Quando questi capitali sono disponibili, le persone sono più resilienti, hanno maggiori strumenti per affrontare le difficoltà della vita e per poter “fiorire”, possono fare affidamento sull’esperienza delle generazioni precedenti, lasciandosi ispirare da loro e sentendosi in “buona compagnia”. Questi capitali, a cui gli scienziati sociali raramente hanno prestato attenzione, si stanno esaurendo rapidamente – senza vederne nascere nuovi – a causa dell’aumento dell’individualismo e del secolarismo delle nostre società, con conseguenze negative sulla sostenibilità anche dei nostri sistemi socio-economici.
Oggi, molte delle comunità, cooperative, imprese e movimenti – fondati nel XX secolo – soffrono per una carestia di capitali narrativi: una gravissima crisi di storie e narrazioni capaci di attrarre, convincere, incantare come nei primi tempi della loro fondazione. Molte cose sono cambiate nel passaggio tra il XX e il XXI secolo. Tra queste, i codici narrativi con cui comunicare – tra generazioni – i fatti, i valori e le esperienze importanti. Pertanto la crisi delle religioni, delle fedi e dei grandi ideali, oggi è fondamentalmente una crisi narrativa. Le persone, in particolare i giovani, non capiscono più le grandi storie: quando cerchiamo di raccontarle, finiamo per “dire parole d’amore in una lingua morta”. Non sono i contenuti a non dire più nulla, è la nostra capacità di raccontarli che fa fatica. Il futuro delle religioni, della spiritualità, degli ideali, delle virtù etiche e civili dipende soprattutto da una rivoluzione narrativa capace di ricostruire un nuovo capitale spirituale.
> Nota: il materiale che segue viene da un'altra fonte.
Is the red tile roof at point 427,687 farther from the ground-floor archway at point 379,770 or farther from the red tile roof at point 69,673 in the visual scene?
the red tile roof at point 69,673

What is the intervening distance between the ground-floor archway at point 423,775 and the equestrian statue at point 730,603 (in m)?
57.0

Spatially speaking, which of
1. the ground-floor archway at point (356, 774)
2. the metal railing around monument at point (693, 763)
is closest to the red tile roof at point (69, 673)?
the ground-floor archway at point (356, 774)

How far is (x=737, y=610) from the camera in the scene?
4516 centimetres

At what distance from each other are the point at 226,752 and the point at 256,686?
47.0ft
The Economy of Francesco e un nuovo capitale narrativo
Il linguaggio è il primo segnale che dice la crisi antropologica, e quindi spirituale ed etica, che sta attraversando anche il mondo dell’economia e dell’impresa, oggi. Sappiamo bene che “l’economia è sempre stata più grande dell’economia”. E continua ad esserlo. Dietro il denaro, il lavoro, il consumo, il risparmio, l’impresa, non ci sono solo i bisogni e i gusti dei consumatori: ci sono i sogni, i desideri, le promesse, le passioni, lo spirito, le vocazioni che nascono dalla vita economica per indicare qualcosa che va oltre l’economia. Perché l’economia è un universo di parole, simboli, segni: un codice per decifrare la grammatica dell’anima degli individui e delle società.
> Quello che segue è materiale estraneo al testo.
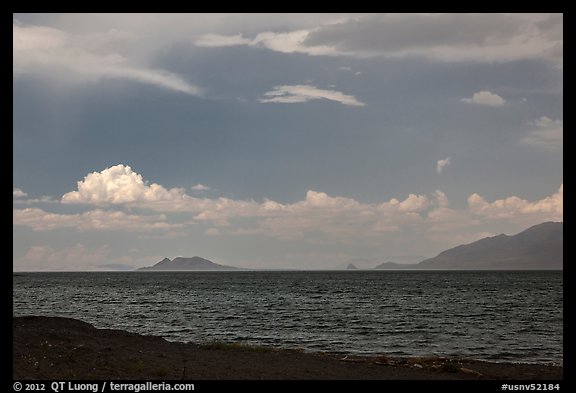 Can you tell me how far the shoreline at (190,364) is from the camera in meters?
19.8

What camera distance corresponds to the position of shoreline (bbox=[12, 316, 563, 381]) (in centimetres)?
1975

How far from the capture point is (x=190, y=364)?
22469 mm

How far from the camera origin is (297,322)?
5509cm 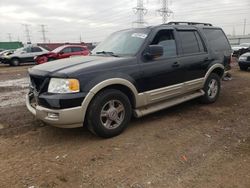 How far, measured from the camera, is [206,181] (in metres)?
2.92

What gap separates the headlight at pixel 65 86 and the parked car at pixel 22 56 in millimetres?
17924

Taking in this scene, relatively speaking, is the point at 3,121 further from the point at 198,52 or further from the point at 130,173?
the point at 198,52

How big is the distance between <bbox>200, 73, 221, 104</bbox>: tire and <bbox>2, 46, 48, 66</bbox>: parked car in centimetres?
1702

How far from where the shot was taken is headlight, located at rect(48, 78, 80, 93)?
3.67 m

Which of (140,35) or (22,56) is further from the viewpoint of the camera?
(22,56)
Il mondo dell’economia, dell’impresa, della finanza, sono luoghi umani (perché abitati ancora da esseri umani!) dove più forte è la sofferenza per la carestia di parole vive e vere, da un lato, e per la grande quantità di chiacchiere inutili, dall’altro: parole, frasi, espressioni troppo povere per dire bene le cose umane che accadono, slogan espressione di un pensiero unico che sta contribuendo alla perdita di biodiversità e generatività.
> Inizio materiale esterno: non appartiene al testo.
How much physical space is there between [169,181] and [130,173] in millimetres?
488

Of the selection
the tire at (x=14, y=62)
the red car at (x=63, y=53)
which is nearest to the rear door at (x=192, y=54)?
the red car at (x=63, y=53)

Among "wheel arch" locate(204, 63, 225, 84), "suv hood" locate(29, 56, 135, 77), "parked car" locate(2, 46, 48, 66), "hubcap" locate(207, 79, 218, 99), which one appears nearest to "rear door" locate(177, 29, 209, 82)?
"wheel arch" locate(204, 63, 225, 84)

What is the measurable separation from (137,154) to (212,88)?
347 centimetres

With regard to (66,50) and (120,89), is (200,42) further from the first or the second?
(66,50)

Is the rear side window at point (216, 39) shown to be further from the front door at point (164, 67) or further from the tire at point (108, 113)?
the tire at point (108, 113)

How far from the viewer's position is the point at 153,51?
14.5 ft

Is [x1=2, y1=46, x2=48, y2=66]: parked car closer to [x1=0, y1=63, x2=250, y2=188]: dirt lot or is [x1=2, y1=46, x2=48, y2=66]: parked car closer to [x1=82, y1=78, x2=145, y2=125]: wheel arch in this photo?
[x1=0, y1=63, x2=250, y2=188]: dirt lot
È necessario far rivivere le narrazioni spirituali ed etiche nel contesto della nostra contemporaneità. Restituire un’anima all’economia (Papa Francesco, 2019) è una sfida che richiede una nuova stagione di autentica spiritualità, erede e continuatrice delle grandi narrative. La “missione” di EoF è anche quella di offrire nuovi capitali narrativi, in economia, nelle scienze sociali, nella teologia, nella spiritualità … e in tanti altri ambiti della vita! E di far emergere creatività, coraggio, capacità di attrarre nuovi giovani talenti e idee.